*WHAT YOU HAVE TO DO*
Please make an exact copy of the lines from the one holding "Everything is dark, outside" through the end of the data, both ends included, with no pictures.

*SUPPLIED DATA*
........
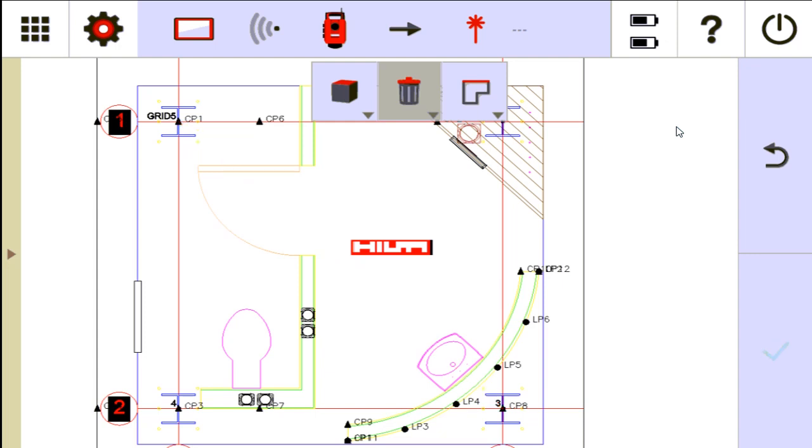But notice what happens if I tap any other point on this drawing, any of the original drawing itself. It won't let me delete any other part of the CAD because the CAD is protected, but whatever I added to the drawing afterwards can be deleted.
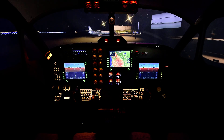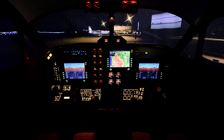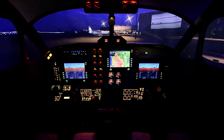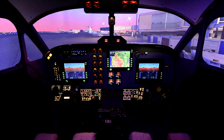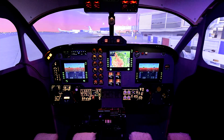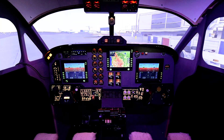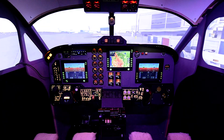Everything is dark, outside is dark, and the cockpit is dark. Now we're going to go the other way — back towards noon — and we're going to see the reverse effect. Pretty slick.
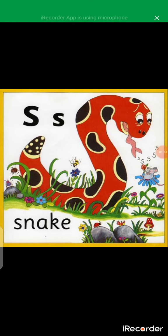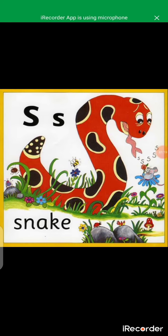If you say 'Mrs. Aida,' I would say 'yes' because you called my name. Now if you call letter S, letter S is not going to say 'no' — it's going to say 'ssss,' because that's the sound it makes.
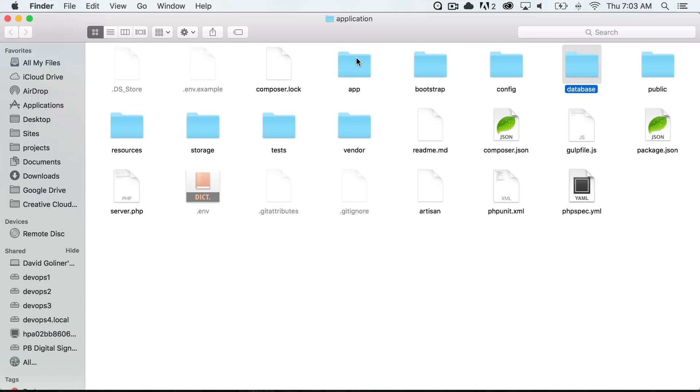Our database is where our migrations and seeds will go. We'll go over the migrations and seeds in a later video.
........
*RESPONSE*
Everything is dark, outside is dark, and the cockpit is dark. Now we're going to go the other way — back towards noon — and we're going to see the reverse effect. Pretty slick.
If you say 'Mrs. Aida,' I would say 'yes' because you called my name. Now if you call letter S, letter S is not going to say 'no' — it's going to say 'ssss,' because that's the sound it makes.
Our database is where our migrations and seeds will go. We'll go over the migrations and seeds in a later video.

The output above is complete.